Sebagian orang dijamin tidak begitu kenal pelabuhan. Tahunya adalah kapal laut. Singgah sebentar untuk mencari penumpang, atau angkutan barang. Naik sedikit, ada kontainer. Lantas, ada kapal tanker mengangkut minyak. Lantas, ada tongkang pengangkut batubara, atau kayu log. Sebagian orang daratan, malah menuduh pelabuhan adalah sekedar tempat transit para nelayan sebelum melaut.
Seperti yang dialami teman saya di Solo.
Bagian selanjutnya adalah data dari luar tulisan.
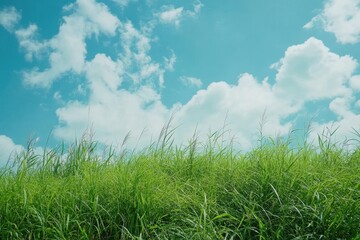 Nature's tranquility with green grass and bright blue sky under fluffy clouds on a sunny day, beautiful nature with green grass and blue sky for live wallpaper, Photo background ing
Tadinya bekerja sampai asisten manajer di perusahaan swasta, karena ada lowongan di bumn pelabuhan, lantas mendaftar.
Selama menunggu lamaran berproses, dia ikut fitness centre, angkat berat dan ngegym. Alhasil badannya kekar berotot. Singkat cerita, dia keterima di bumn pelabuhan tersebut.
Tetangga-tetangga yang lama tidak melihat teman saya tersebut pada bertanya, ke mana mas X kok lama tidak kelihatan? Apa malu karena diphk atau bagaimana?
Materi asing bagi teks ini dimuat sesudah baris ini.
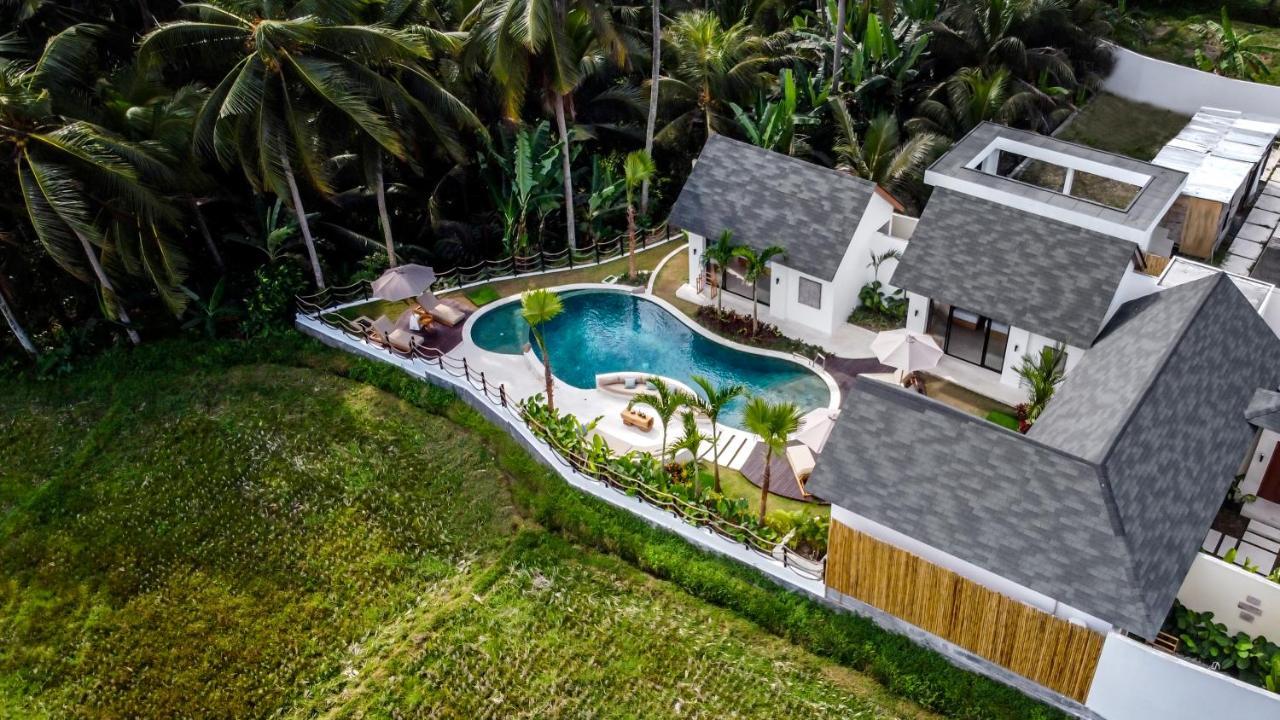 Villa Crystal Lagoon By Balisuperhost Ubud  Bagian luar foto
Dijawab dengan percaya diri, "Saya keterima kerja di pelabuhan."
Tetangga-tetangga yang awam tentang bisnis pelabuhan, lantas berkomentar serempak, "Ow...pantasss.. lha wong badannya kekar begitu...".
Padahal teman saya itu ahli hukum bisnis, yang saat ini menempati posisi sebagai petinggi senior di anak perusahaan bumn pelabuhan.
FULL IT SYSTEM
Memang kalau mendengar pelabuhan, sebagian membayangkan adalah kuli-kuli angkut yang kuat berotot. Apalagi bagi orang yang tinggal jauh dari pantai atau pelabuhan, selalu yang dibayangkan pelabuhan adalah tenaga kasar.
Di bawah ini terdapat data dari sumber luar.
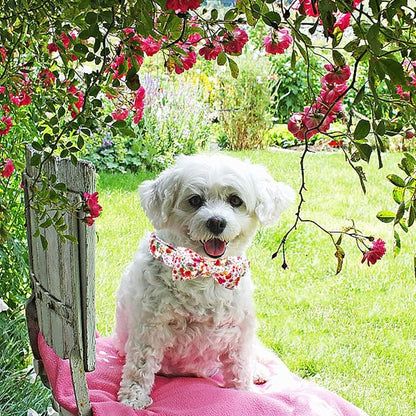 Elegant little tail Dog Collar - Image 5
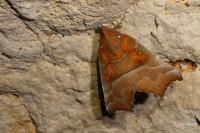 Scoliopteryx libatrix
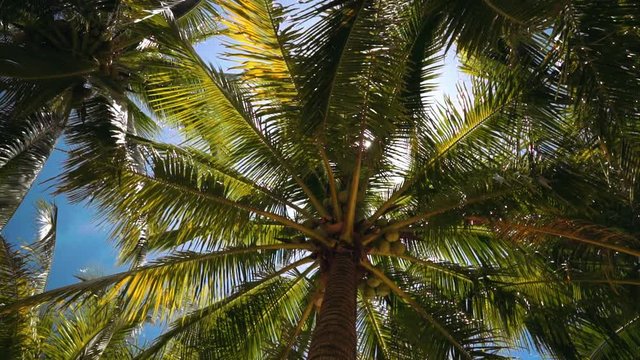 Lush palm trees with coconuts viewed from low angle, sun flare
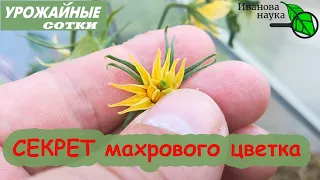 НЕ СПЕШИТЕ УДАЛЯТЬ! Махровые цветки томата - цветки с СЕКРЕТОМ!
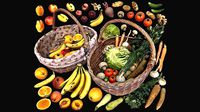 Fruits and Vegetables Collection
"Padahal saat ini, kami di Terminal Petikemas Semarang sudah menggunakan crane yang full otomatic system, operator tidak lagi berada di lapangan namun di control room, sehingga proses penempatan kontainer dari lapangan ke truk pengangkutnya, melalui crane yang dikendalikan jarak jauh, "ungkap Oko Prasetyo, S.Sos., (28/1/2021) alumnus STIAMAK Barunawati yang saat ini adalah Manajer Operasional TPKS anak usaha PT Pelindo III (Persero) di Semarang.